Но, странное дело, чем больше он обрастал всяким добром, тем тревожнее становилось на душе. По его подсчетам, он уже отправил домой столько, что сможет после войны открыть большой магазин, купить особняк в центре городка, и тогда все эти торгаши-соседи будут завидовать ему… «Теперь нужно вести себя осторожнее, — размышлял он бессонными ночами, замирая от малейшего шороха. — Нужно беречь здоровье и голову, чтобы толком суметь воспользоваться приобретенным на войне…»
Ганс Шпильке хорошо знал свою Эльзу. Не успеет опа получить похоронку, как сразу же выскочит замуж за первого попавшегося. Она не станет по нем плакать и убиваться. С таким капиталом, с таким добром, что он ей переправил, Эльза сможет жить роскошно и весело…
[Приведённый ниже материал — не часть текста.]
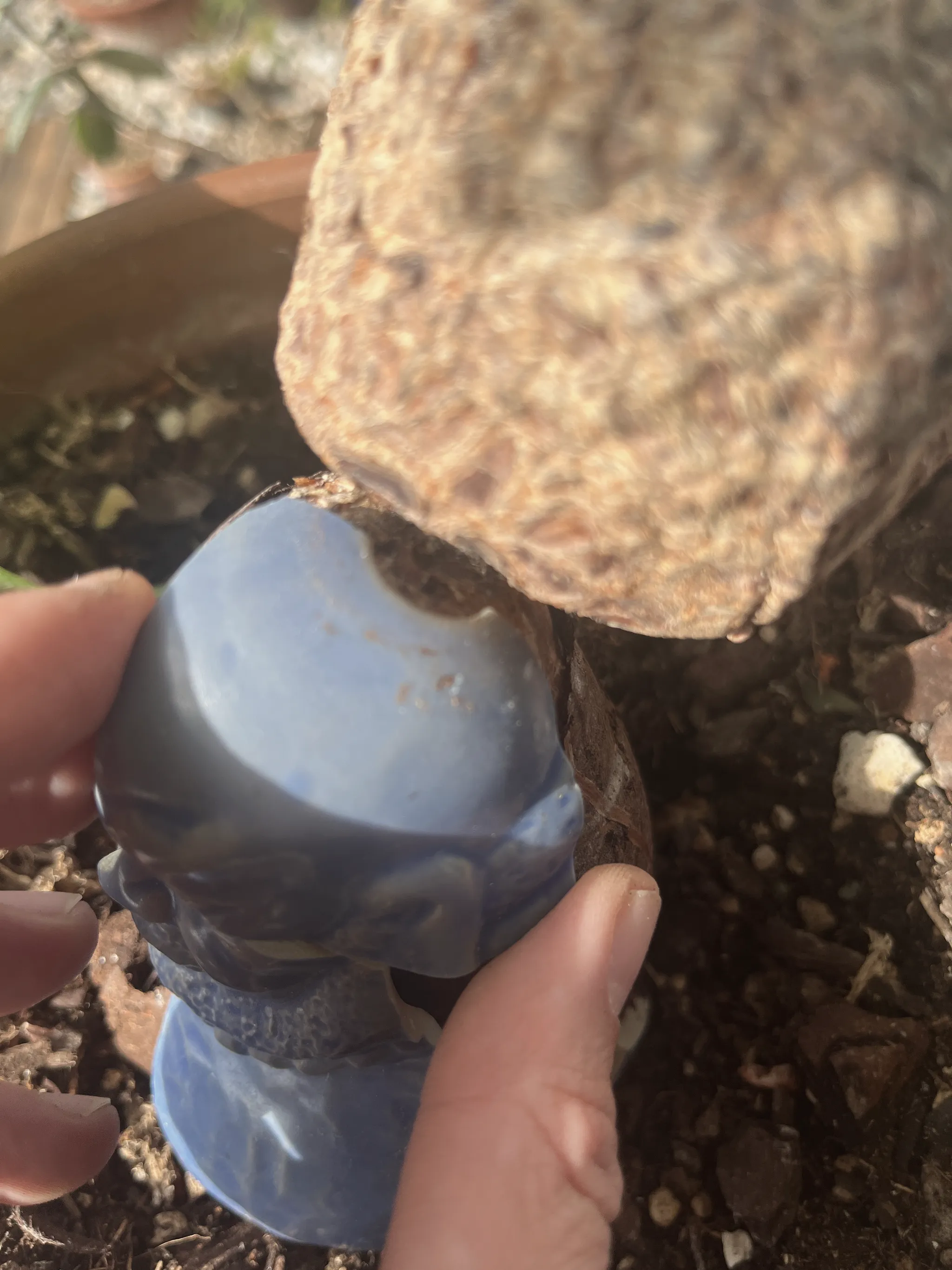 A hand steadying the blue figurine as it is placed at the foot of the pachira's woody base, dark soil around it.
Особых забот здесь, в глубоком тылу, у коменданта не было. Работа у него, как говорится, была не очень опасная, привычная. Здесь, в Яшполе, остались старики, женщины, дети, больные, которые даже не способны как следует запереть дверь. Евреев загнали в гетто, за колючую проволоку, и малейшая попытка неповиновения жестоко каралась. Находились, правда, иногда такие, что набрасывались на немцев, но таких смельчаков расстреливали на месте. Подозрительных немедленно арестовывали и отправляли сперва в подвалы гестапо, жандармерии или вспомогательной полиции.
И все же Шпильке теперь старался не лезть на рожон. Он держался подальше от опасных операций, оставался в тени, помня слова Эльзы о том, что живой пес лучше мертвого льва. Он и сам прекрасно понимал, что живой лейтенант лучше мертвого генерала…
Там, где все шло гладко и ничем не угрожало, он вел себя героем, как и подобает офицеру третьего рейха. Но стоило ему учуять, что пахнет порохом, он старался держаться в отдалении, не подставлять свою голову куда не надо, с удовольствием предоставляя эту возможность другим.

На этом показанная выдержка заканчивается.